HFL = F1 * HR VFL = F2 * VR
As a rough guide, take F1 = 1.30 and F2 = 1.05 (see frame "Computing Frame Sizes").
Now take a particular sync frequency, HSF. Given the assumptions just presented, every value for the clock rate DCF already determines the refresh rate RR, i.e. for every value of HSF there is a function RR(DCF). This can be derived as follows.
The refresh rate is equal to the clock rate divided by the product of the frame sizes:
RR = DCF / (HFL * VFL) (*)
On the other hand, the horizontal frame length is equal to the clock rate divided by the horizontal sync frequency:
HFL = DCF / HSF (**)
VFL can be reduced to HFL be means of the two assumptions above:
VFL = F2 * VR = F2 * (HR / AR) = (F2/F1) * HFL / AR (***)
Inserting (**) and (***) into (*) we obtain:
RR = DCF / ((F2/F1) * HFL**2 / AR) = (F1/F2) * AR * DCF * (HSF/DCF)**2 = (F1/F2) * AR * HSF**2 / DCF
For fixed HSF, F1, F2 and AR, this is a hyperbola in our diagram. Drawing two such curves for minimum and maximum horizontal sync frequencies we have obtained the two remaining boundaries of the permitted region.
The straight lines crossing the capability region represent particular resolutions. This is based on (*) and the second assumption:
RR = DCF / (HFL * VFL) = DCF / (F1 * HR * F2 * VR)
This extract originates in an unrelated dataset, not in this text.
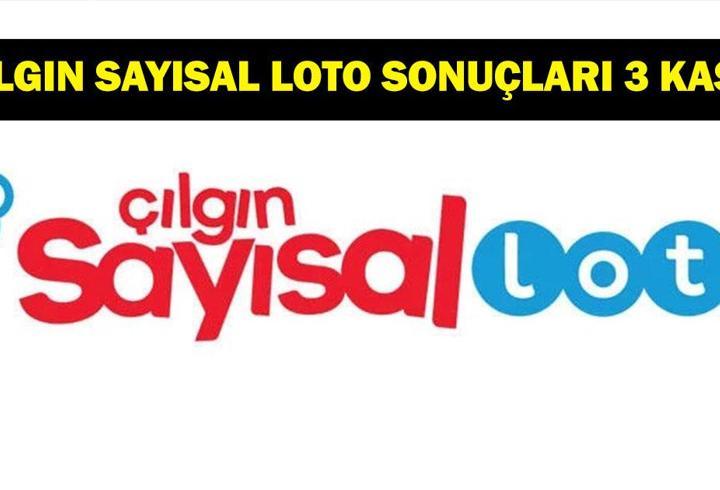 ÇILGIN SAYISAL LOTO SONUÇLARI 3 KASIM! Çılgın Sayısal Loto sonuçları sorgulama ekranı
By drawing such lines for all resolutions one is interested in, one can immediately read off the possible relations between resolution, clock rate and refresh rate of which the monitor is capable. Note that these lines do not depend on monitor properties, but they do depend on the second assumption.
modeplot tool provides you with an easy way to do this. Do
modeplot -? to see its control options. A typical invocation
looks like this:
modeplot -t "Swan SW617" -b 85 -v 50 90 -h 31 58
The -b option specifies video bandwidth; -v and -h set horizontal and vertical sync frequency ranges.
When reading the output of
modeplot, always bear in mind that
it gives only an approximate description. For example, it disregards
limitations on HFL resulting from a minimum required sync pulse width,
and it can only be accurate as far as the assumptions are. It is
therefore no substitute for a detailed calculation (involving some
black magic) as presented in
Putting it All Together. However, it should give you a better feeling for what
is possible and which tradeoffs are involved.